Driving home on the straightaway, a brief glance behind revealed just how far he’d pushed past the competition. Hunter lifted his arms in the air as he broke the tape, finishing faster than he ever had before: 3:33.41.
It was a kick for the ages. But Hunter has done his fair share of thinking about final laps.
“This might be the last leg of my running career,” he told Footprint. “And I would hate to just do another four years of the same thing, and then be like, well I guess I’m done.”
Almost a decade has passed since Hunter, 27, was signed out of high school by Adidas. He swiftly showed promise, clinching victories including the US two-mile indoor national title in 2019, before some difficult setbacks.
He was forced by injury to miss the US Olympic Trials in 2021. And at last summer’s Trials, he finished fourth in the 10,000m: one spot away from qualification for Paris.
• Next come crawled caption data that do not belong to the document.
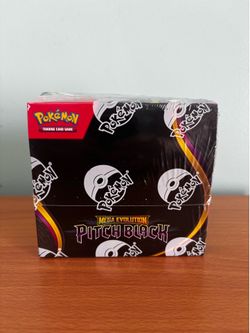 Pokémon TCG: Mega Evolution Pitch Black Booster Display Box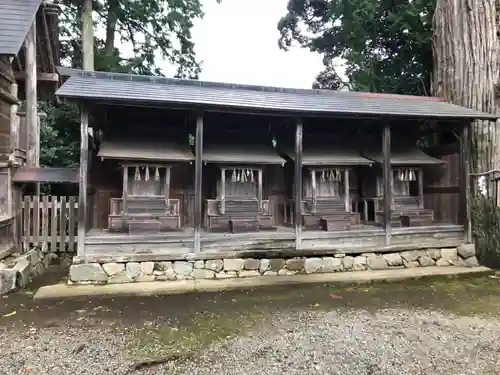 豊受大神社の末社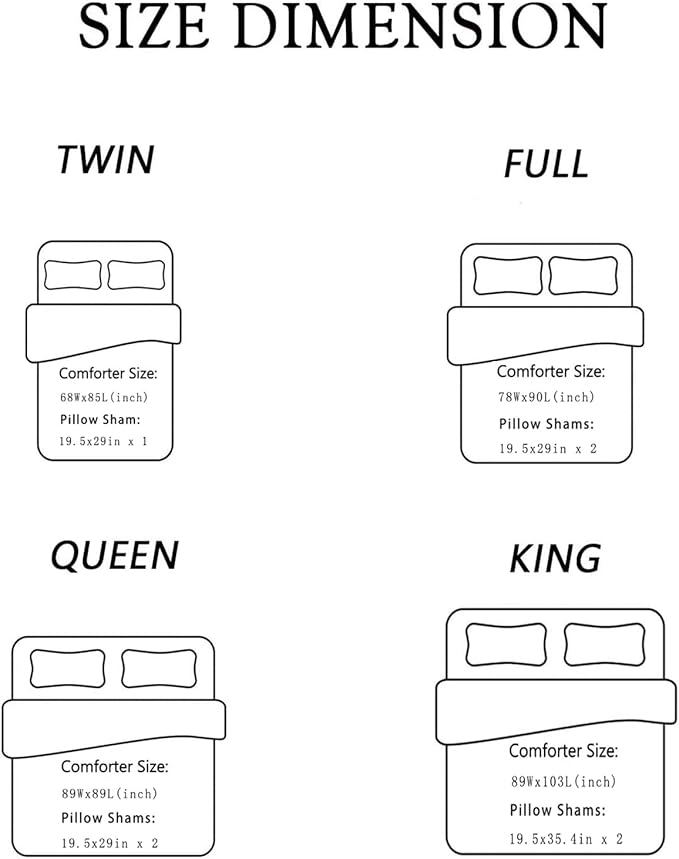 Tailor Shop Twin Size Rainbow Comforter Sets for Girls Kids Teens Western Cow Colorful Comforter Rainbow Bedding Set with 1 Comforter and 1 Pillowcase…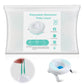 Disposable Potty Liners with Absorbent Pads - 30 Counts, Leak-Proof Travel Toilet Bags for Toddlers, Fit OXO Tot & Most Portable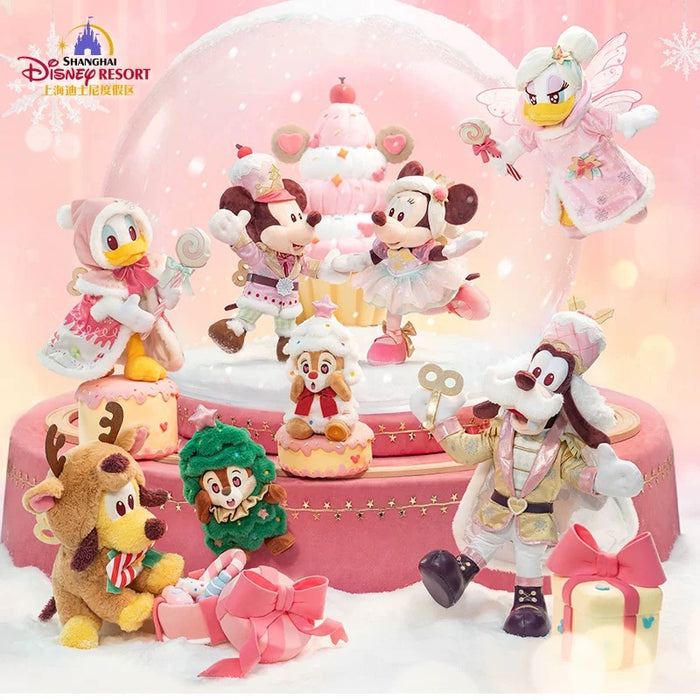 SHDL - 2025 Mickey & Friends Christmas Waltz Dance Collection x Dale Plush Toy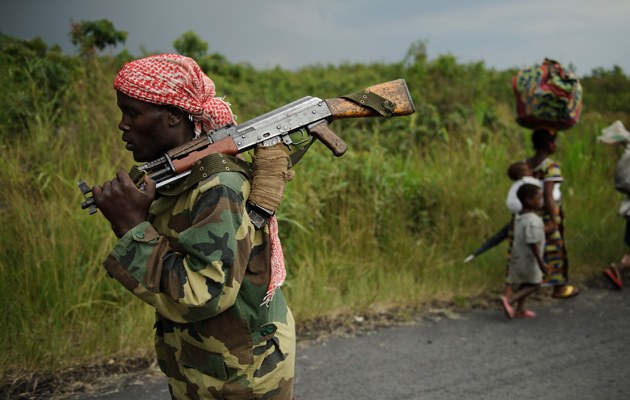 In Goma heißt es, Tausende Soldaten der regulären Armee seien zur M23 übergelaufen, in der sich eine neue Rebellengeneration gefunden hat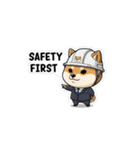 ビジネス柴犬シュウイチ第6弾スタンプ（個別スタンプ：3）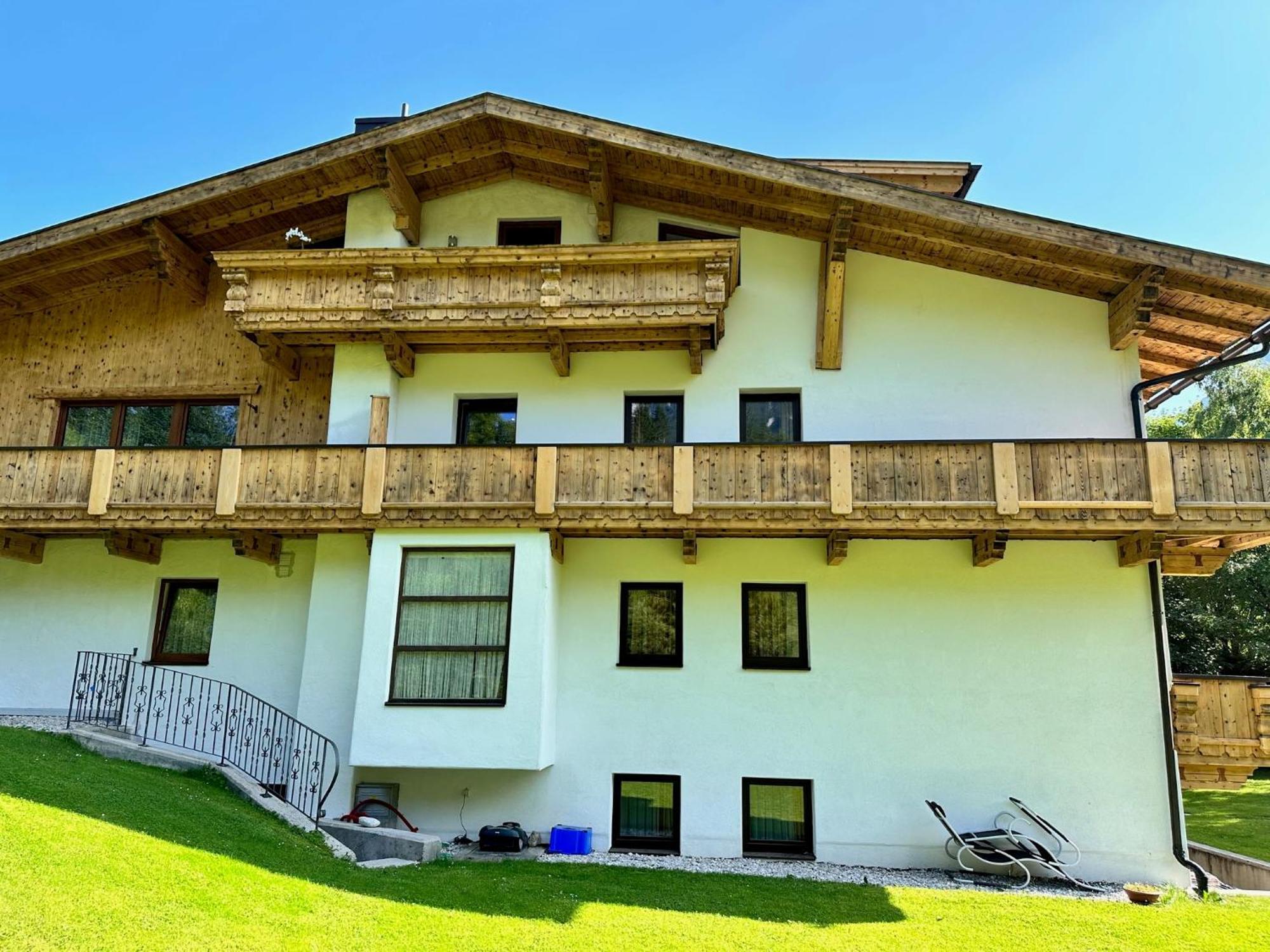 Apartament W4 Haus Ganghofer Leutasch Zewnętrze zdjęcie
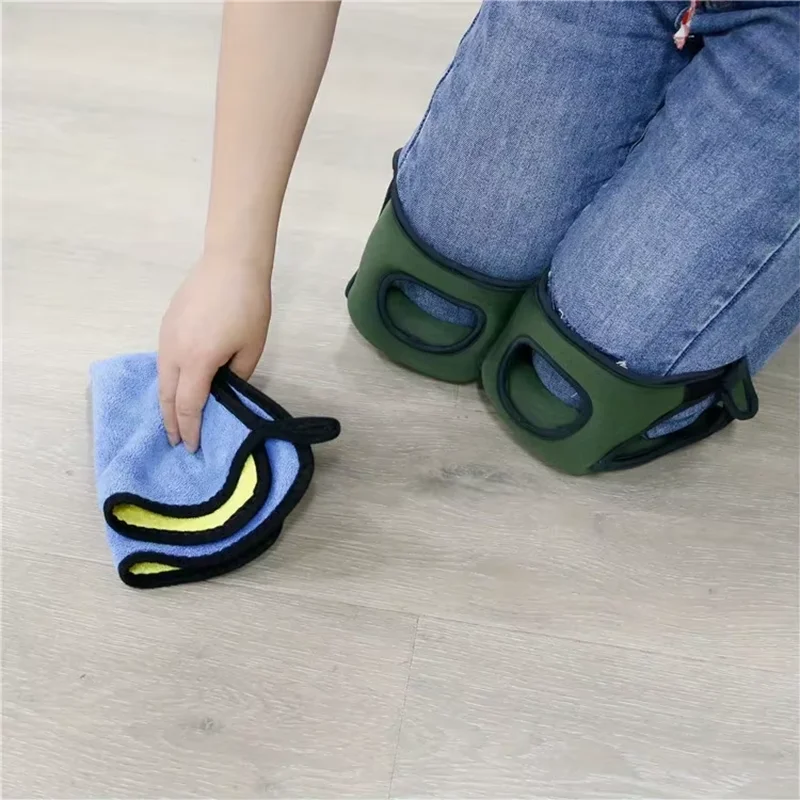 A pair of outdoor garden knee pads, kneeling pads, garden trim knee pads, scratch resistant knee pads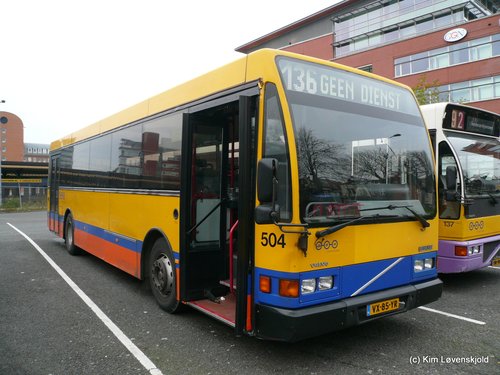 1993' Volvo B10M-55 Berkhof ST2000NL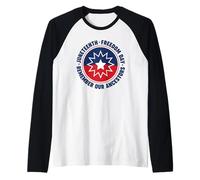 Juneteenth Ricorda i Nostri antenati Maglia con Maniche Raglan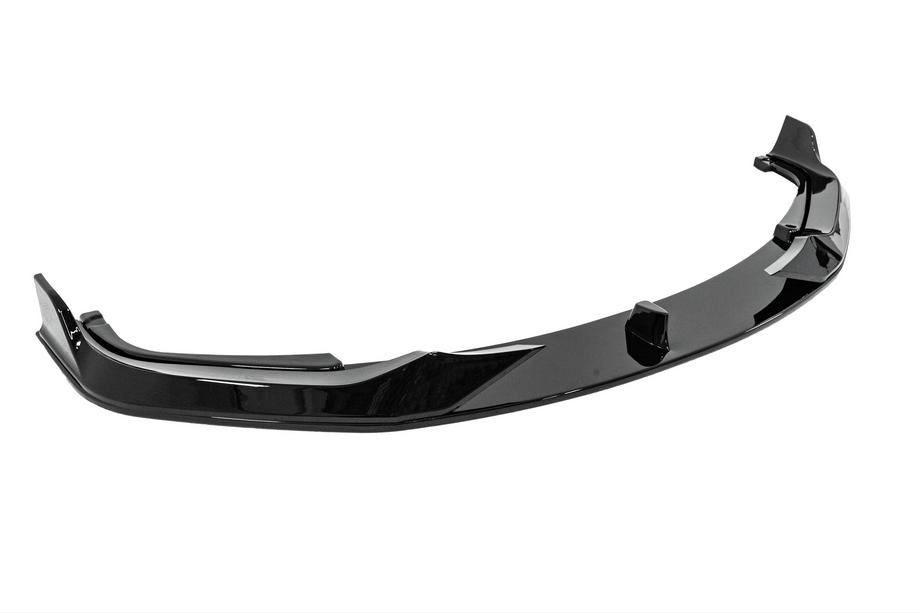 BMW 8 Series G14/G15/G16 2018- Lip spoiler del paragolpes delantero (negro brillo) Foto 5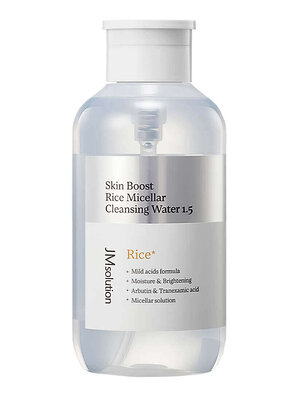JMsolution Очищающая вода с экстрактом рисовых отрубей / Skin Boost Rice Micellar Cleansing Water, 500 мл 576803 28278 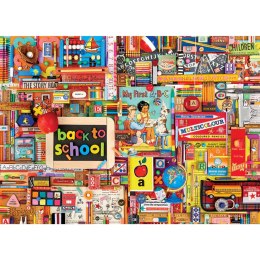 Puzzle 1000 el. Powrót do szkoły Cobble Hill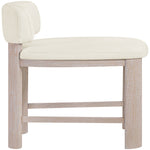 Paloma Vegan Leather Upholstered Counter Stool (88054-C) in Cream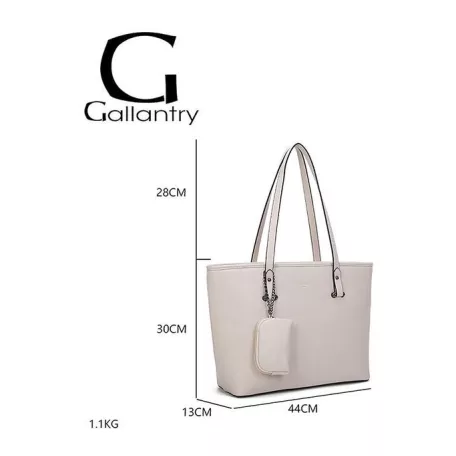 Női  táska - M-9401-Bezs 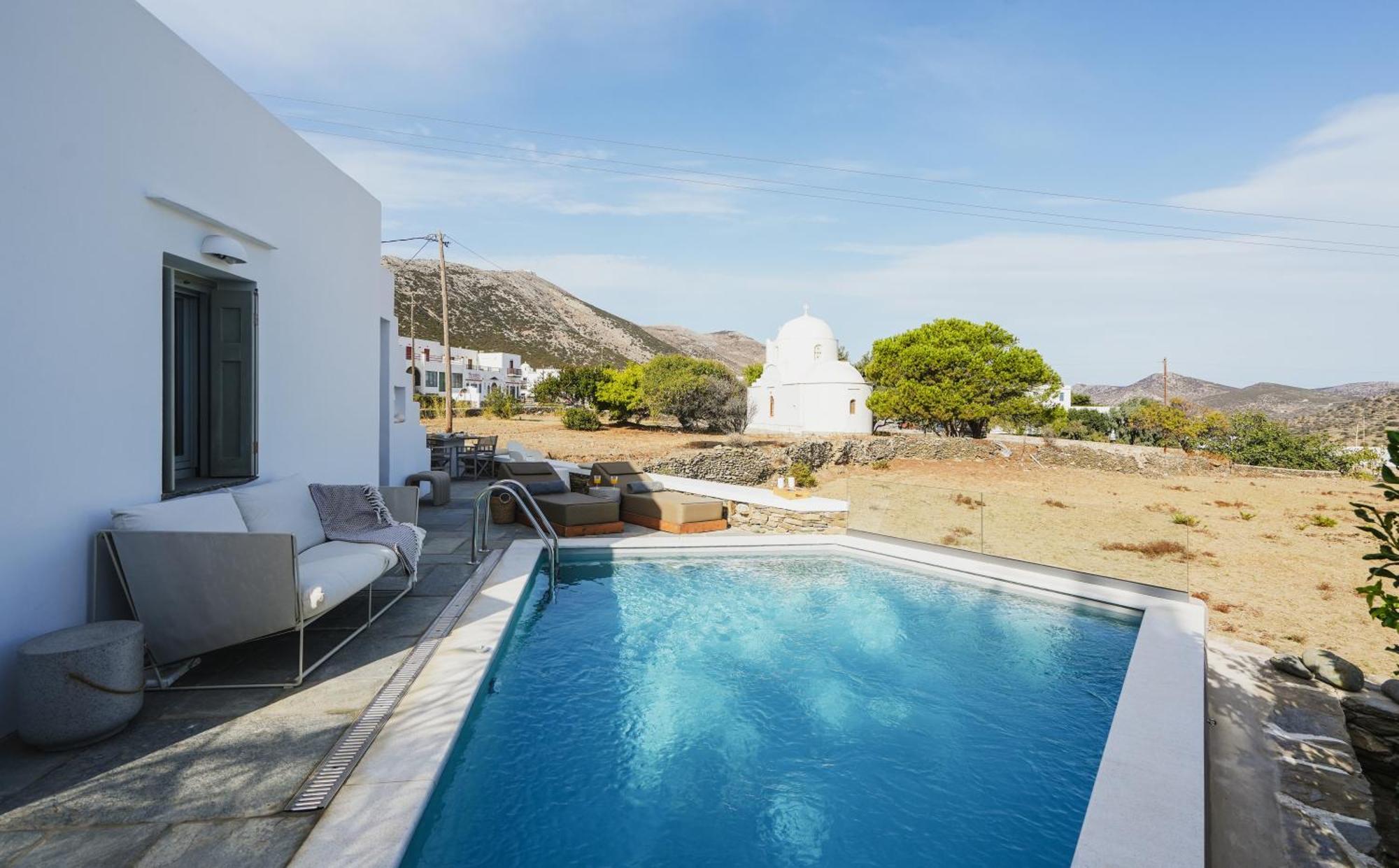 Villa Arades Sifnos With Private Pool Απολλωνία Εξωτερικό φωτογραφία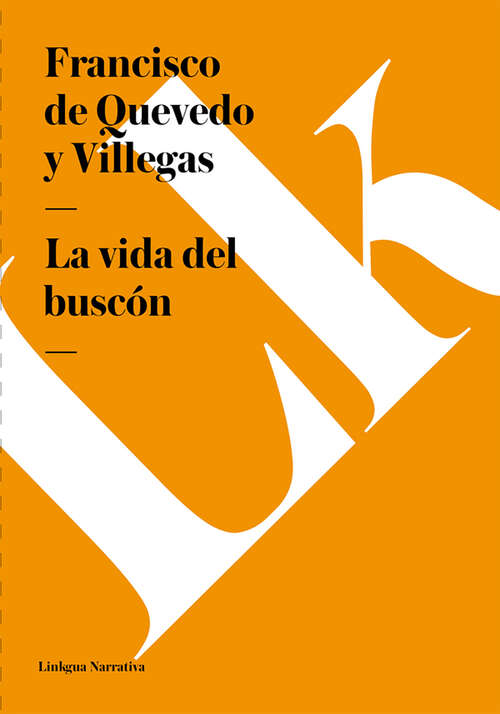 Book cover of La vida del buscón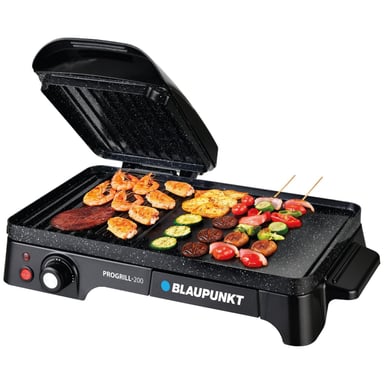 PARRILLA ELE CTRICA ANTIHADERENTE CON GRILL - 3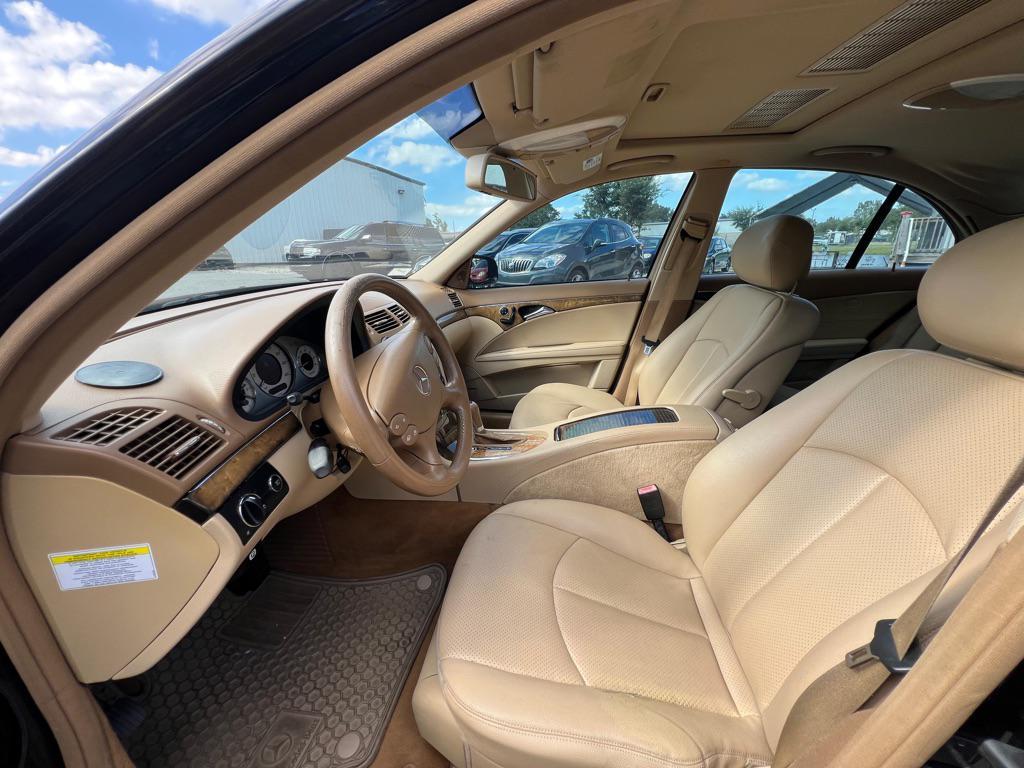 used 2007 Mercedes-Benz E-Class car, priced at $4,490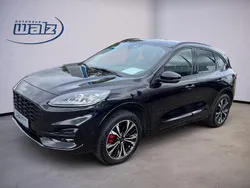 Obsidianschwarz Gebraucht 2021 Ford Kuga ST-Line X SUV | 22.990 € (Fairer Preis)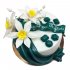 Торт с цветами №97267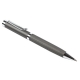 Boligrafo de acero inoxidable tipo Barrel con sistema twist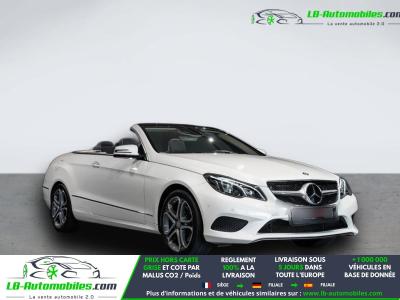 Mercedes Classe E Cabriolet 320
Starting this season with a new sponsor, Asics, and a new training setup, he decided it was time to explore. Veering off track to hit the road, he raced April’s Cherry Blossom 10-Miler in Washington, DC, and May’s BOLDERBoulder 10K in Colorado for the first time.
Gone are the days when Hunter was all-in on one surface, and distance, throughout the year. “I really just wanted to do things I was excited about this year,” he said. “And I wanted to do things differently than most of the guys I’m competing against.”
It seems to be working well. Returning to the track, Hunter also won the 5,000m at Portland Track Festival in June. He will race the 5,000m and the 10,000m at the US national championships later this month.
“My relationship with running has changed so much since I started,” he said. “I have to do things that keep me excited when I wake up in the morning. Most of those things, believe it or not, they’re not necessarily anti-track: they’re just things I haven’t done yet.”
If he could go back and talk to himself, just as he was starting out, he would suggest shifting focus beyond the big races. Some of the most impactful things Hunter has done in running – like co-founding the Tinman Elite pro team – were “actually outside of running fast,” he said.
“Sometimes I felt like it was the end of the world if I wasn’t performing and running well, and injuries and setbacks really sort of crippled me,” Hunter continued. “I wish I could just tell myself [back then] to lean into your teammates and other people.
“I think it would have been a lot more palatable of a career. I probably wouldn’t have had so many super low lows, and high highs that came crashing down.”
His perspective has been shifted not just by these highs and lows, but the arrival of his two daughters. “Running can be very selfish... There’s a part of you that can wall off others to be a good runner,” said Hunter. “With kids you can’t do that anymore, because you have to give them everything.”
Parenting has given his running as much as it has taken, he stressed. The sport is no longer just teaching him; he wants his daughters to understand its lessons, too.
“I’m not going to win every race. I’m gonna fail. But I can work incredibly hard at something, and I can show them what perseverance looks like,” he said. “I can show them what hard work looks like.
“And I can also just show them that there are things that will light your heart on fire in this life, and you should lean into those things. For me that’s running. And maybe for my kids it might be something different.”